I also knew a secret.

While pulling the sheets from the closet, I discovered my Christmas present -- a Cox model airplane with an .027 glow-plug engine, the kind that really flies. I knew it cost $15, and the Old Man said he couldn't afford it. But there it was -- the present I had dreamed of for the past three years.

I endured a week of taunts about the shoes. "Hey, moth (pronounced "mawt" -- a grave insult), where'd ya get the fruit boot?" hooted the notorious Ryan brother before pelting me with gravel-filled snowballs. But who cared? I was getting the best present in the world.

When the Big Day finally arrived, I feigned great surprise over the model plane, listened dutifully to the Old Man give a safety lecture, then took off like a shot.

I fired up the engine in the playground across the street and watched the red and yellow "Sky Dancer" streak into the frigid air. My hands were so numb that I never felt the control line slip from between my fingers. My eyes widened in horror as the precious gift headed straight up. Higher and higher it climbed, to where no model plane ever had been. Then it flipped over and plummeted straight down, hitting the concrete pavement. It smashed into 100 pieces.

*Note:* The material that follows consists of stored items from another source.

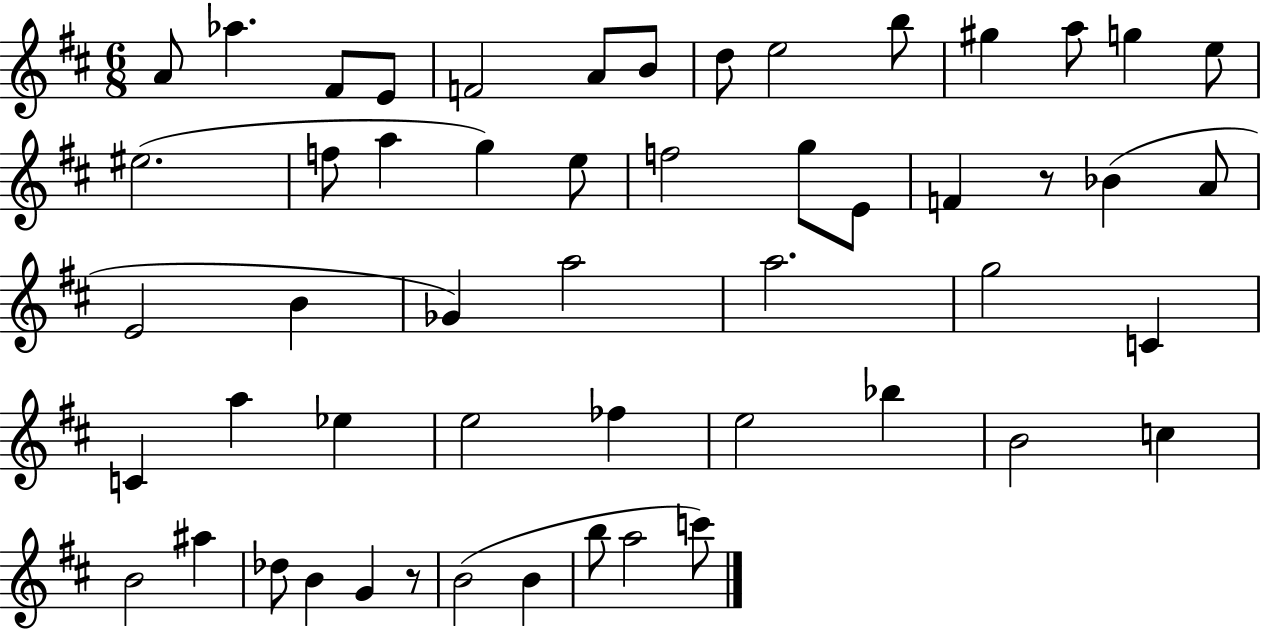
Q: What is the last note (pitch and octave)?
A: C6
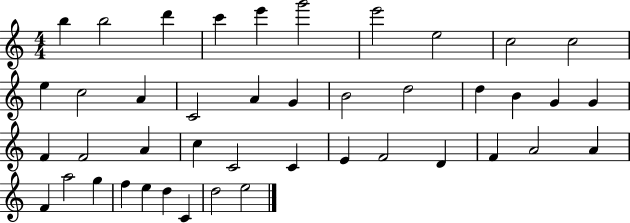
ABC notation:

X:1
T:Untitled
M:4/4
L:1/4
K:C
b b2 d' c' e' g'2 e'2 e2 c2 c2 e c2 A C2 A G B2 d2 d B G G F F2 A c C2 C E F2 D F A2 A F a2 g f e d C d2 e2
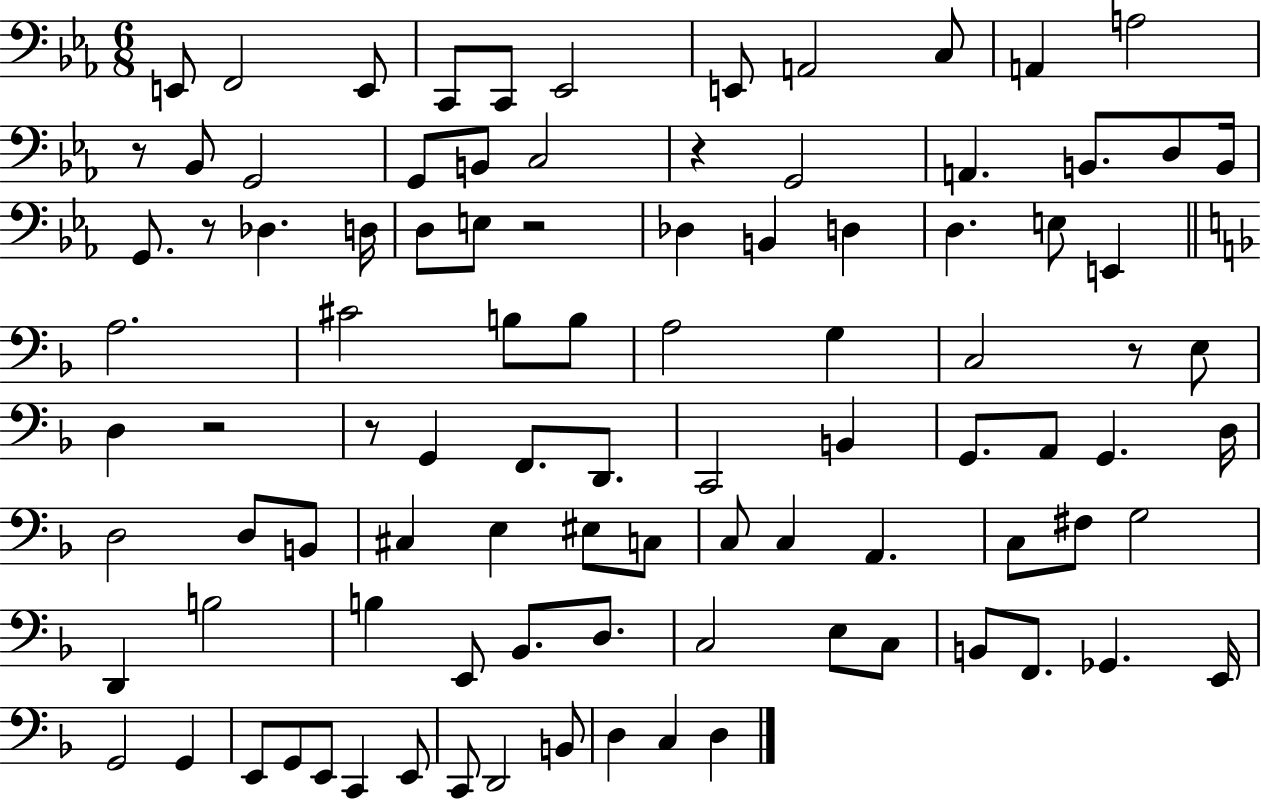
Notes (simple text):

E2/e F2/h E2/e C2/e C2/e Eb2/h E2/e A2/h C3/e A2/q A3/h R/e Bb2/e G2/h G2/e B2/e C3/h R/q G2/h A2/q. B2/e. D3/e B2/s G2/e. R/e Db3/q. D3/s D3/e E3/e R/h Db3/q B2/q D3/q D3/q. E3/e E2/q A3/h. C#4/h B3/e B3/e A3/h G3/q C3/h R/e E3/e D3/q R/h R/e G2/q F2/e. D2/e. C2/h B2/q G2/e. A2/e G2/q. D3/s D3/h D3/e B2/e C#3/q E3/q EIS3/e C3/e C3/e C3/q A2/q. C3/e F#3/e G3/h D2/q B3/h B3/q E2/e Bb2/e. D3/e. C3/h E3/e C3/e B2/e F2/e. Gb2/q. E2/s G2/h G2/q E2/e G2/e E2/e C2/q E2/e C2/e D2/h B2/e D3/q C3/q D3/q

There were tears in my eyes as I scooped up the pitiful wreckage.

"Well, you'll get another one someday," the Old Man said, trying to console me. "Sometimes things happen like that."

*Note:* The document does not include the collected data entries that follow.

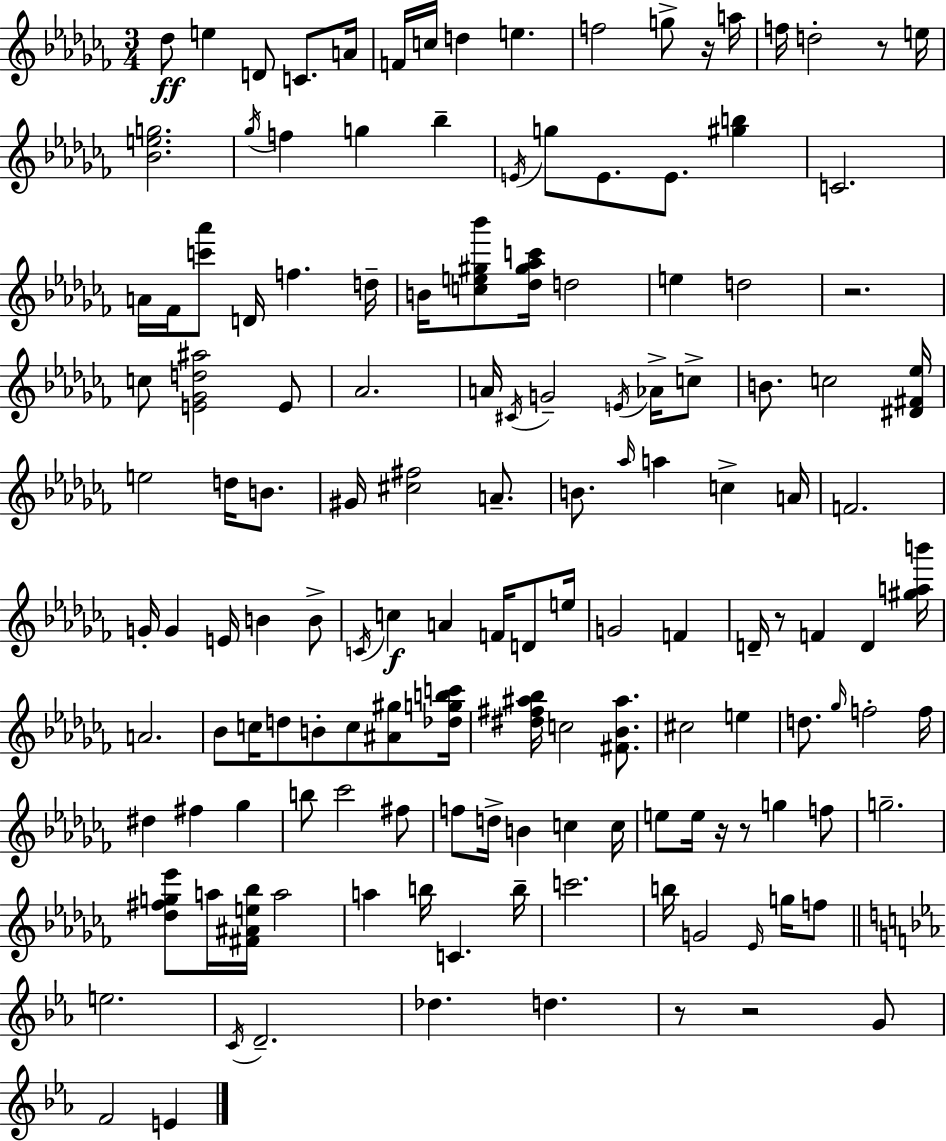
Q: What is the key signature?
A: AES minor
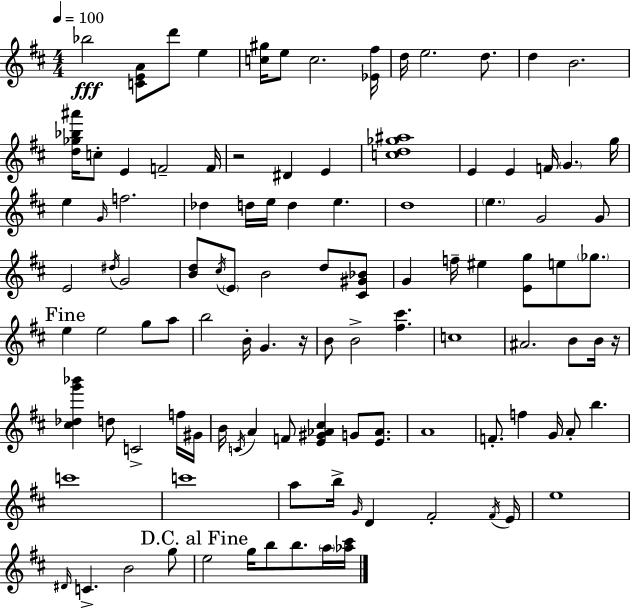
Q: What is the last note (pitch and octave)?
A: A5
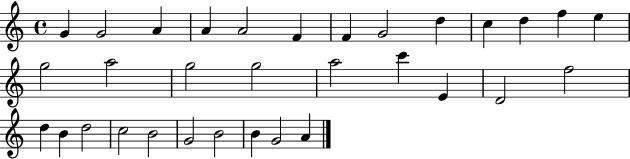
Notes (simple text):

G4/q G4/h A4/q A4/q A4/h F4/q F4/q G4/h D5/q C5/q D5/q F5/q E5/q G5/h A5/h G5/h G5/h A5/h C6/q E4/q D4/h F5/h D5/q B4/q D5/h C5/h B4/h G4/h B4/h B4/q G4/h A4/q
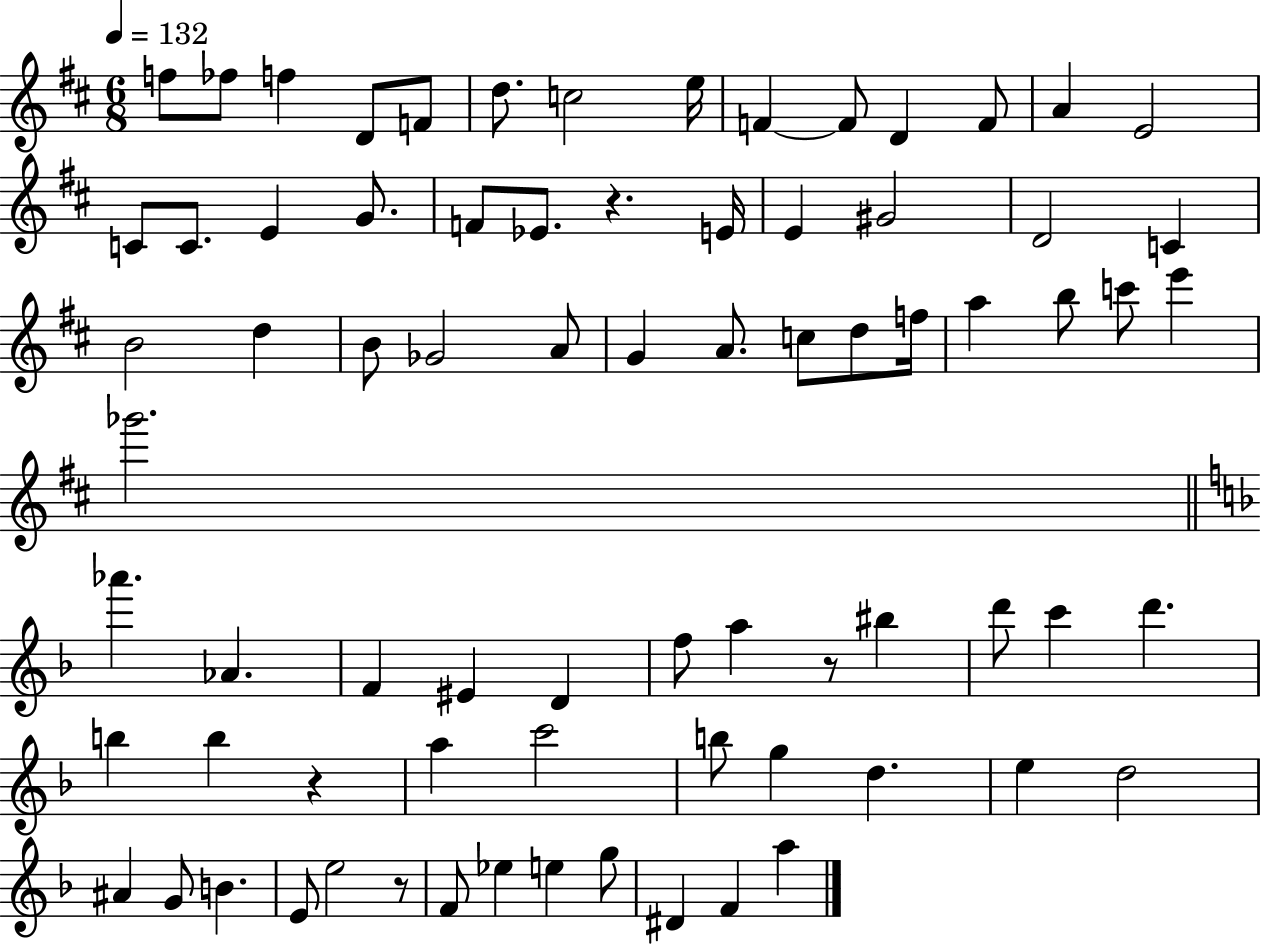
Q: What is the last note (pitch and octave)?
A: A5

Yeah. Sometimes they do. I never did get another plane, though. The D'Angelos moved to Long Island in the spring, taking Rex with them. The Ryan brothers joined the Marines. And I painted my shoes with Anchor-Excelsior black fence paint. Worked great.

I've forgotten a lot about most Christmases -- fruitcakes, cheesy ties, plastic poinsettias and fake Currier-and-Ives prints. All that. But there are some things you remember ... forever.